▶ _Brief_
Your task is to transcribe exactly, and only, the lines running from the one with "Từ khi ra tù, ngoài" to the end of the listing below, inclusive, with every picture left out.

▶ _Data shown_
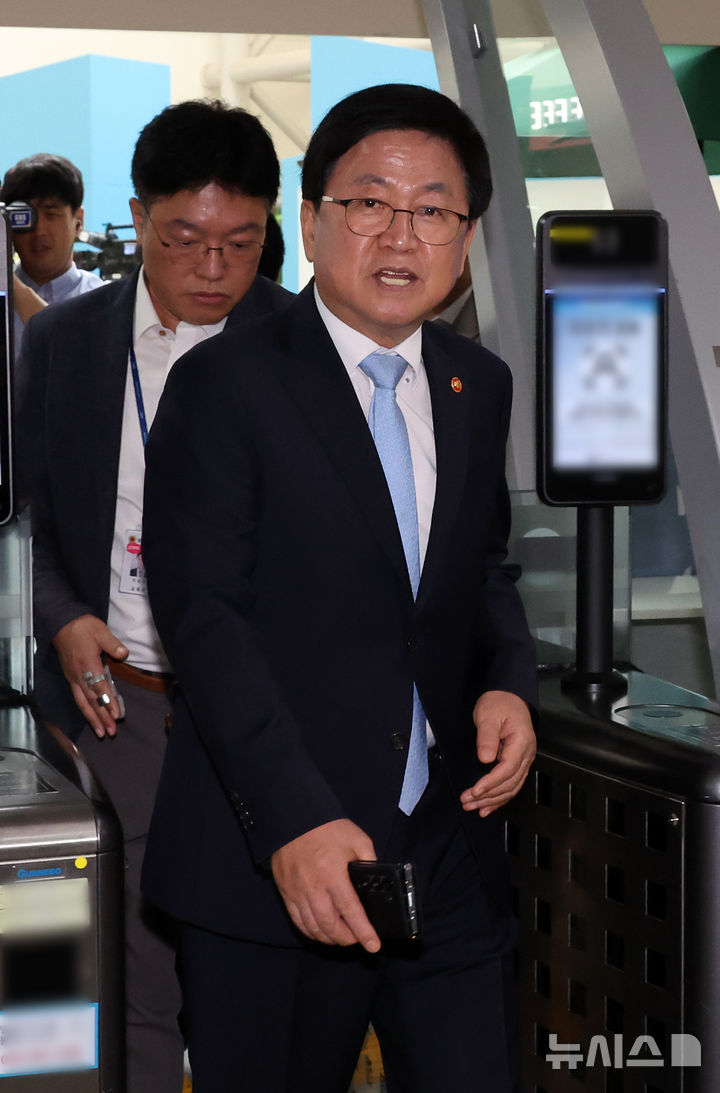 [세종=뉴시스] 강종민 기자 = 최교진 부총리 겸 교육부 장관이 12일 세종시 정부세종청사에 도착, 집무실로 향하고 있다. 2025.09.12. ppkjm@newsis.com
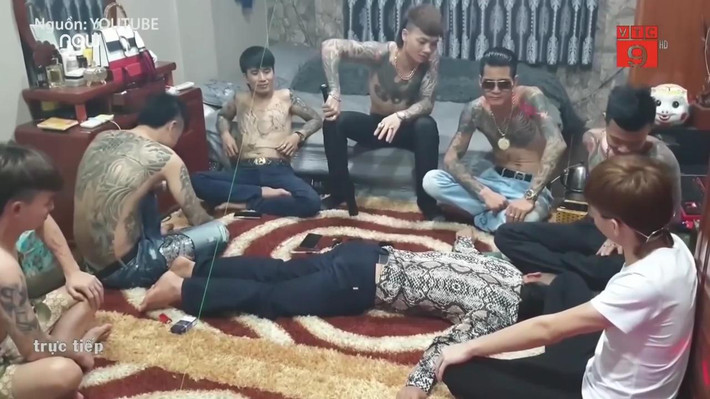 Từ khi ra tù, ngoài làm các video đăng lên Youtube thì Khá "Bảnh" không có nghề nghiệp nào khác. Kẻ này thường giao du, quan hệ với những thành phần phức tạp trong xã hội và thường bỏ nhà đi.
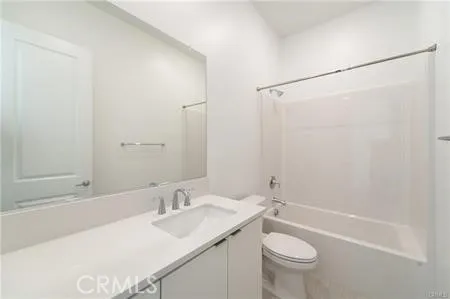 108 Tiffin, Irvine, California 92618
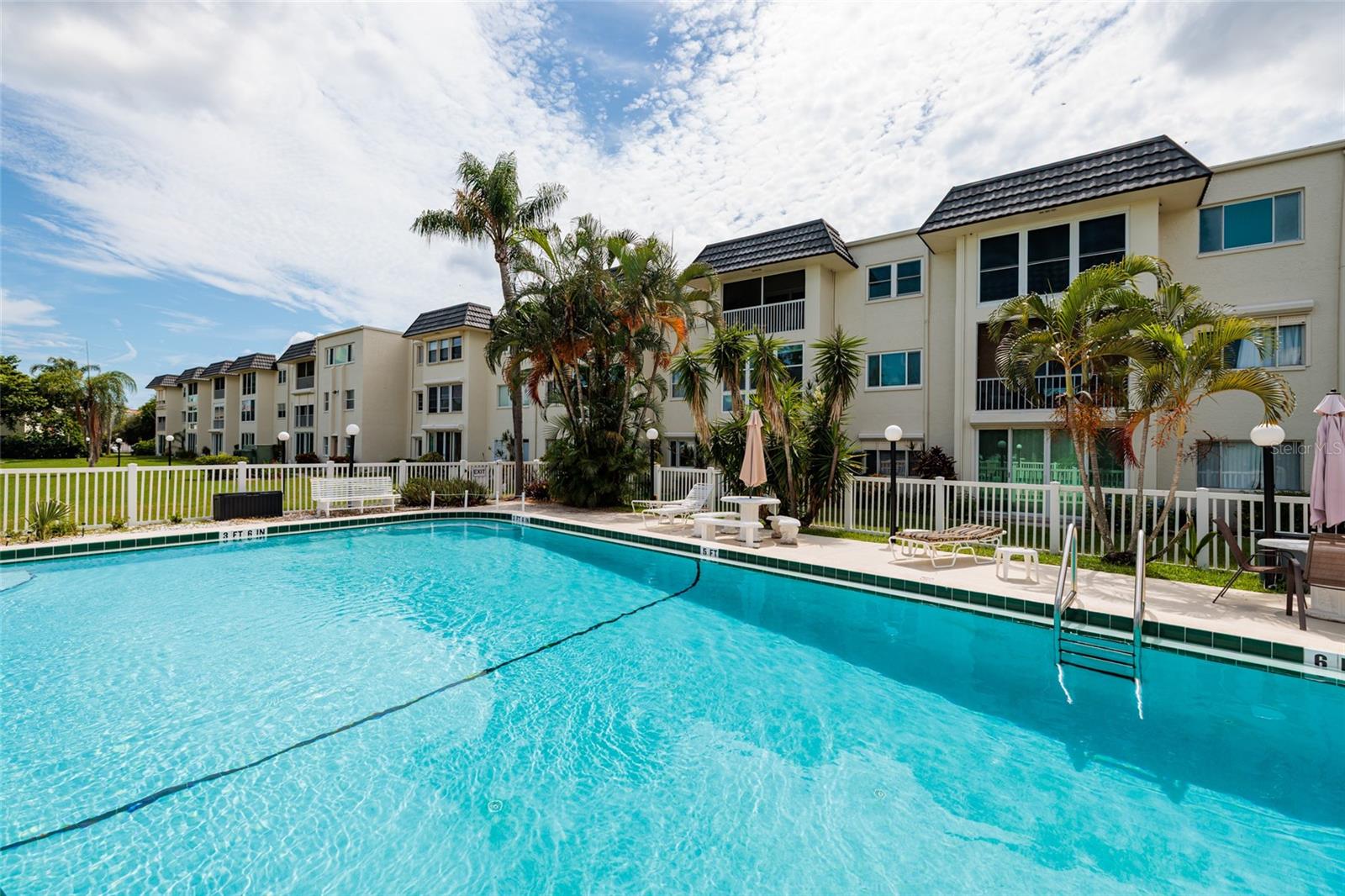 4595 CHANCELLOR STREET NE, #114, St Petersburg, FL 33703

▶ _Output_
 Từ khi ra tù, ngoài làm các video đăng lên Youtube thì Khá "Bảnh" không có nghề nghiệp nào khác. Kẻ này thường giao du, quan hệ với những thành phần phức tạp trong xã hội và thường bỏ nhà đi.
 108 Tiffin, Irvine, California 92618
 4595 CHANCELLOR STREET NE, #114, St Petersburg, FL 33703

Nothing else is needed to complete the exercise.